The 3D FLAIR volumes from 290 subjects (193 CN, 73 MCI, and 24 AD) were brain-extracted and bias-corrected, followed by WMH detection and volume estimation by StackGen-Net (StackGen-Net-WMH). The total prediction time for a pre-processed 3D-FLAIR volume (256x256x240) was 40 seconds. An experienced neuro-radiologist manually annotated WMH on 3D-FLAIR volumes of 20 non-demented participants selected randomly from this ADNI cohort. These annotations were used to evaluate the segmentation performance of our algorithm using metrics such as Dice score (pixel and lesion), precision (lesion), recall (lesion), average volume difference (%), and area under the precision-recall curve.

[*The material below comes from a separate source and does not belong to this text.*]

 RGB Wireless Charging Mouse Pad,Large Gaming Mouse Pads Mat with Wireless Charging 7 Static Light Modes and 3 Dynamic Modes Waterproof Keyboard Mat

We also used Bland-Altman (BA) analysis to compare manual WMH volume estimated with StackGen-Net-WMH and ADNI-WMH. The agreement was evaluated using R2, Coefficient of Variation (CV), and repeatability coefficient (RPC) statistics. Two-sided paired t-tests were used to assess if there were any significant WMH volume differences between ground truth annotations and the two segmentation algorithms.

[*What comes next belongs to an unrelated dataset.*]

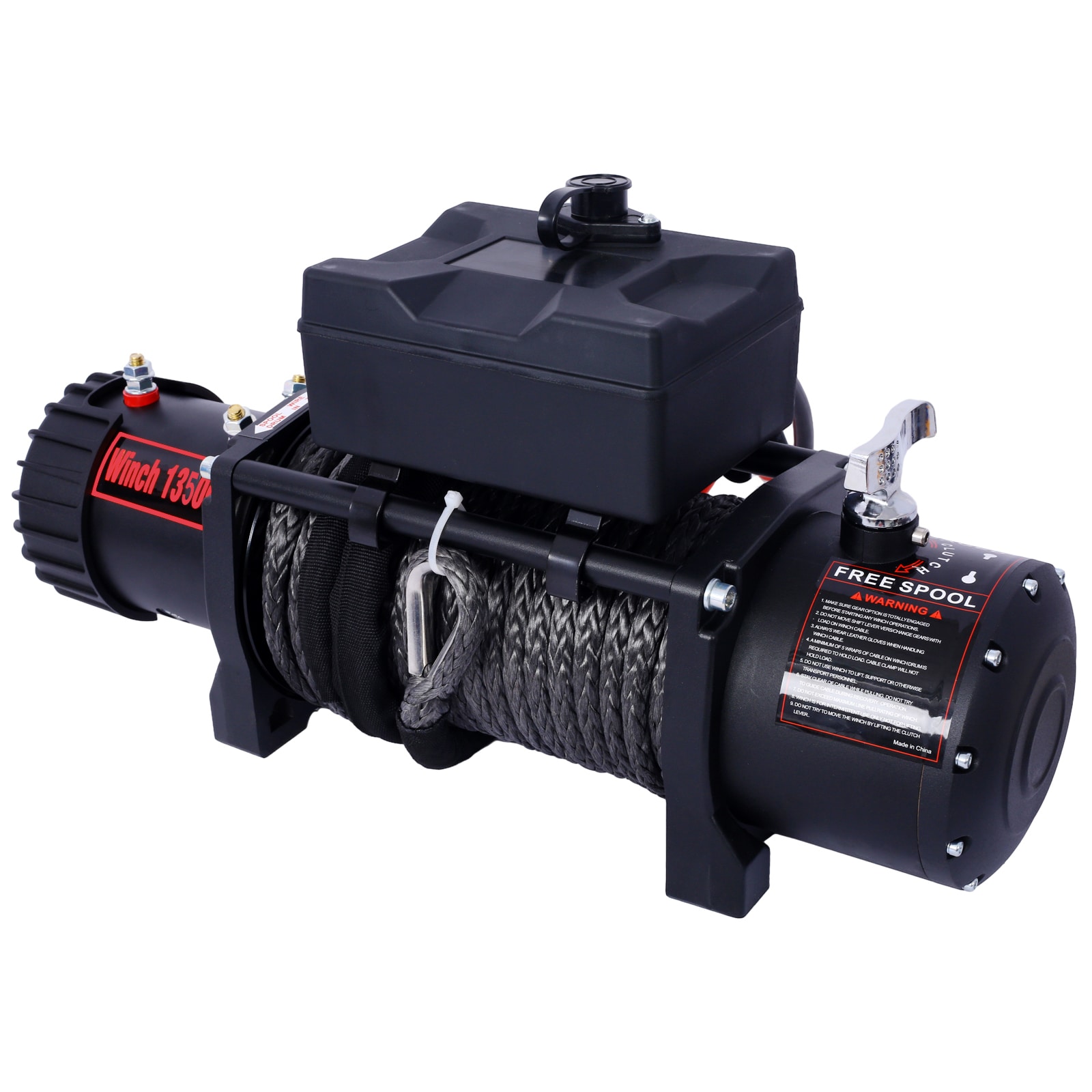 Malacate eléctrico Siavonce- Capac. de carga de 13500 lb- Energía de 12v DC para remolcar camioneta fuera de la carretera con control remoto inalámbrico XH27135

The associations of WMH volumes with ADNI-EF, ADNI-MEM, and ADNI-LAN were explored using multiple-linear regression models after adjusting for age, intercranial volume, sex, education level, APOE4 allele genotype, and diagnosis.
Results
Compared to manual annotations, StackGen-Net achieved average Dice score (pixel), Dice score (lesion), absolute volume difference, and area under precision-recall curve of 0.76 ± 0.09, 0.73 ± 0.11, 13.7% ± 9.7%, and 0.84 ± 0.10, respectively (n=20). Figure 2 shows WMH volume predictions on multi-planar images from a test ADNI 3D-FLAIR volume. We see that the WMH predictions from StackGen-Net agree well with manual annotations by an expert neuro-radiologist.BA analysis (Figure 3) showed excellent agreement between WMH volumes estimated from ground-truth annotations and StackGen-Net-WMH (R2=0.98, CV=17%, RPC=33%) with a tighter limit of agreement. There were no significant differences between the WMH volumes from StackGen-Net and ground truth (P=0.47, n=20, two-sided paired t-test). In contrast, ADNI-WMH showed a significant difference (P=.01) in WMH volumes (R2=0.91, CV=59%, RPC=100%) when compared to ground truth.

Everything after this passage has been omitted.